Cape Cod and polywatch are great, you can get some really good results if you put in the time and elbow grease.


----------



## louiswu (May 16, 2009)

xtriple said:


> louiswu said:
> 
> 
> > Here's a quick before\after of a grimy old Timex brought back to life after a few mins with a Cape Cod.
> ...


 :lol:	I certainly don't remember the job taking 20 days & 45 mins.

I suspect it was stopped before the cleanup and i set it right afterwards.

...........since which is it has been in the present Mrs LouisWu's collection.

Just to add. I cleaned the crystal up with T-Cut initially to get the really big scratches out, then finished it off with PolyWatch.


----------



## kevkojak (May 14, 2009)

I can't get cape cods to work for me at all. :lol:

Just done an hour on my new Omega case and plexi and it looks about the same. Does Polywatch work a lot better with plexi-glass?


----------



## Podie (Jul 27, 2010)

mmmm.... these smell niiiiiiiiiiiiiiice. :thumbup:


----------



## Prophecy88 (Feb 16, 2012)

Mixed results with Cape Cod....but do smell nice

'Displex' for acrylic crystals removes scratches a treat


----------



## louiswu (May 16, 2009)

kevkojak said:


> I can't get cape cods to work for me at all. :lol:
> 
> Just done an hour on my new Omega case and plexi and it looks about the same. Does Polywatch work a lot better with plexi-glass?

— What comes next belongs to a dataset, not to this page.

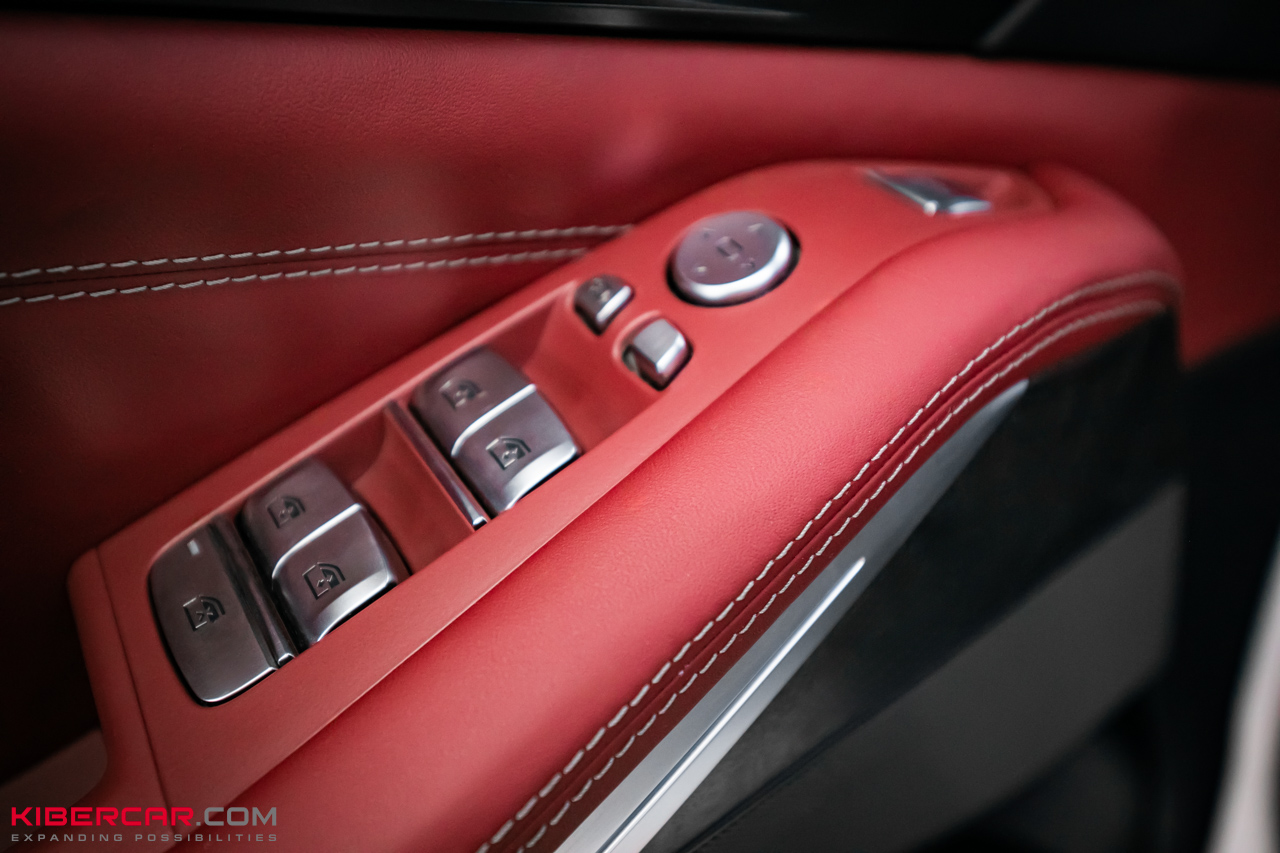 Перешив салона BMW X7 в красную кожу: выразительный контраст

You're not rubbing it hard ehough !! :blink:

a cape cod should shift light case scratches, but it's a mild abrasive so you do need to put some effort into it.

i find them better for polishing up dulled finishes.

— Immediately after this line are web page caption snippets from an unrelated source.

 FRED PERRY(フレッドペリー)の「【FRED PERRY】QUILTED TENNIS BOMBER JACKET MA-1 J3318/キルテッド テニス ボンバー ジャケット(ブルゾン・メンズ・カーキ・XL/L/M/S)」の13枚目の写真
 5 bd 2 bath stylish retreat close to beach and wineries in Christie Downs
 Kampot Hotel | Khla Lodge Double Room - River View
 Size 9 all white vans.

polywatch is specfically designed for acrylic. the blurb says it kinda disolves the surface molecules and redistributes them into the scratches

(or summat like that only more technical)

other products (t-cut, etc) are more like abrasives and just grind the plexi's surface down to an even level. that's the way i see it at least.


----------